If the voids within the brash ice layer are partially filled with slush and partially with water, then the thickness of brash ice with slush-filled voids is H _BSL = H _S/p ₀. The energy and mass conservation equation between the slush-filled and water-filled voids with the brash ice pieces, along with the derived porosity equation, are as follows:

(14)$$\begin{align}\displaystyle{{H_{\rm S}} \over {\,p_{0\;}}}&\rho _{\rm i}L_{\rm i}( {v_{\rm w}p_{0\;}-p_{\rm j}} ) + \left({H_{\rm W}-\displaystyle{{H_{\rm S}} \over {\,p_{0\;}}}} \right)\rho _{\rm i}L_{\rm i}( {\,p_{0\;}-p_{\rm j}} ) \cr & = \rho _{\rm i}c_{\rm i}\Delta TH_{\rm W}( {1-p_{0}} ) , \;\end{align}$$

(15)$$p_{\rm j} = \displaystyle{{H_{\rm S}( {v_{\rm w}-1} ) + H_{\rm W}( {\,p_{0\;}-c_{\rm i}\Delta T( 1-p_{0\;}) /L_{\rm i}} ) } \over {H_{\rm W}}}.$$

4.2 Brash ice consolidation

The third step of the model calculates the brash ice consolidation between two ship passages. Initially the model tests the presence of slush and estimates the thickness of brash ice occupied by slush (H _BSL = H _S/p ₀). If slush is present, the brash ice consolidation will occur only in the slush filled brash ice macropores and in particular in the water fraction of the slush.

If the entire wet brash ice column is filled with slush, then the freezing process will occur within the water fraction v _w of the slush-filled macropores until the wet brash ice fully consolidates, thereafter only water freezing is considered. In case that brash ice is filled partly with slush and partly with water, it is assumed that consolidation occurs initially in the H _BSL layer and then in the rest of wet brash ice.

The snow thickness that covers the ship channels between breaking incidents is calculated by the incoming snow thickness measured by the SMHI meterological station. The brash ice growth equation is derived by substituting the interface temperatures obtained from the first three continuous heat flux equations and integrating the fourth equation.
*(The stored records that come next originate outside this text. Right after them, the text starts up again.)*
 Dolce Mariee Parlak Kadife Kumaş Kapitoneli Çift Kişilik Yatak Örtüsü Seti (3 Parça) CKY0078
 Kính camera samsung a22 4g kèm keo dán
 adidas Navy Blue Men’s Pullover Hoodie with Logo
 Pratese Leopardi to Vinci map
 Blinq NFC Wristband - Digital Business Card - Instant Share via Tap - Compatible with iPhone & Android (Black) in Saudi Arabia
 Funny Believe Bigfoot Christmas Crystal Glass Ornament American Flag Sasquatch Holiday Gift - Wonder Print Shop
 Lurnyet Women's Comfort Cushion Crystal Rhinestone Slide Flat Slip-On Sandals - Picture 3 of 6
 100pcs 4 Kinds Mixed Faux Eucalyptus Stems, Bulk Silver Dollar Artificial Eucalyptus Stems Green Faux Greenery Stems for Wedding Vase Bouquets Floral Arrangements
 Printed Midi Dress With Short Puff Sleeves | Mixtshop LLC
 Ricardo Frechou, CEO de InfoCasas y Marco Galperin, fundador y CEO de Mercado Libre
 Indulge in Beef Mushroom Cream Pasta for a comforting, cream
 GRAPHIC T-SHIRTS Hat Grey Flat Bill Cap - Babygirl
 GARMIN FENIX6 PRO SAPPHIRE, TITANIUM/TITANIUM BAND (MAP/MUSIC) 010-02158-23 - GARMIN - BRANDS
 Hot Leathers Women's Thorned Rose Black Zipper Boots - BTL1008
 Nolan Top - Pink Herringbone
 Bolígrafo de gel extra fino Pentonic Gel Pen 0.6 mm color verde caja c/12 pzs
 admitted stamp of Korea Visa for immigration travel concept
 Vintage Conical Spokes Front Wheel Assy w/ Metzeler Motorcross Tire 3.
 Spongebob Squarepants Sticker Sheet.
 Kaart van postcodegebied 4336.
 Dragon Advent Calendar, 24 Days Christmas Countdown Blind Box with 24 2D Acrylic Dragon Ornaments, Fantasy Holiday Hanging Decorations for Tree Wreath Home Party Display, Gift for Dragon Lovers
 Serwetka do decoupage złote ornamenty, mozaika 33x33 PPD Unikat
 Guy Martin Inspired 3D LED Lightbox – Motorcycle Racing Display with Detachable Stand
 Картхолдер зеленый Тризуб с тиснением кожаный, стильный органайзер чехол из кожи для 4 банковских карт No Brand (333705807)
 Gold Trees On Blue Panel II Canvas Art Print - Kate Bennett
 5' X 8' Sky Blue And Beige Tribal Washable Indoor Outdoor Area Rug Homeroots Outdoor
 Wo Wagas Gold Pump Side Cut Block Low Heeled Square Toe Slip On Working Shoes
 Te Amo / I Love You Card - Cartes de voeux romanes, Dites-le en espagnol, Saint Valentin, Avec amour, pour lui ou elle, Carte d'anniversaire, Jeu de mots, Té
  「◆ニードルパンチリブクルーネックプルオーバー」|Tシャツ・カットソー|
These equations are illustrated in Figure 5. The brash ice growth equation is:

(16)$$H_{\rm C} = \sqrt {k_{{\rm bi}}^2 h_{\rm e}^2 -\displaystyle{{2k_{\rm bi}} \over {\rho _{{\rm bi}}p_jv_{\rm w}L_{\rm i}}}\theta } -k_{{\rm bi}}h_{\rm e}.$$

where p_jv _w accounts for the freezing of slush within the slush-filled macropores, ρ _bi is the brash ice density, v _w is the not considered for the part of wet brash ice that is solely filled with water. Additionally, p _j is assumed equal to one if the brash ice is fully consolidated and h _e is given as:

(17)$$h_{\rm e} = \displaystyle{{H_{\rm D}} \over {k_{\rm d}}}\;+\;\displaystyle{{H_{\rm S}} \over {k_{\rm S}}}\;+\;\displaystyle{1 \over {h_{\rm a}}}, \;$$

where k _d and k _s are the heat conductivities of the dry brash ice and snow, h _a is the surface convective heat transfer coefficient.

4.3 Expelling coefficient

The estimated brash ice equivalent thickness (H _B) can be compared with the brash ice equivalent thickness (H _eq) observed from all the measured cross-sections of the ship channel's (TCh01, TCh02, MCh). This equivalent brash ice thickness (H _eq) can be estimated as the total surface area of the ice accumulated on the channel (A _BI) and both side ridges (A _R) divided by the width of the vessel as:

(18)$$H_{{\rm eq}} = \displaystyle{{A_{{\rm BI}} + A_{\rm R}} \over {W_{{\rm BICh}}}}$$

A schematic illustration of the channels' cross-section and the surface areas of brash ice and side ridges, as well as a schematic illustration of the brash ice equivalent thickness are provided in Figures 6a, b. The channel's width (W _BICh) was considered to be 12 m for the TChs, which represents the beam of tug Viscaria. The main channel (MCh) was navigated by several vessels with beams varying between 12 and 31 m. Tug Viscaria would often navigate in the sides of this channel and not at the centre. Thus, the expelling coefficient for all three cross-section profiles of the MCh was calculated considering a constant width of 26 m representing the main navigation lane in the centre line. Also, the actual channel widths measured in each cross-section were used, these widths were 36, 30 and 42 m after 14, 73 and 116 BE, respectively.

Figure 6.

(a) Typical cross-section of a ship channel assuming a width equal to the vessel's beam (W _BICh). The surface area covered by brash ice and the areas occupied by the side ridges are denoted as A _BI and A _R. (b) The equivalent brash ice thickness. A scheme of the first brash ice growth model (BIGM1) that does not consider the loss of ice sideways. (c) The average brash ice thickness that remains in the ship channel and the equivalent side ridge thickness. A scheme of the brash ice growth model that considers the ice loss sideways (BIGM2).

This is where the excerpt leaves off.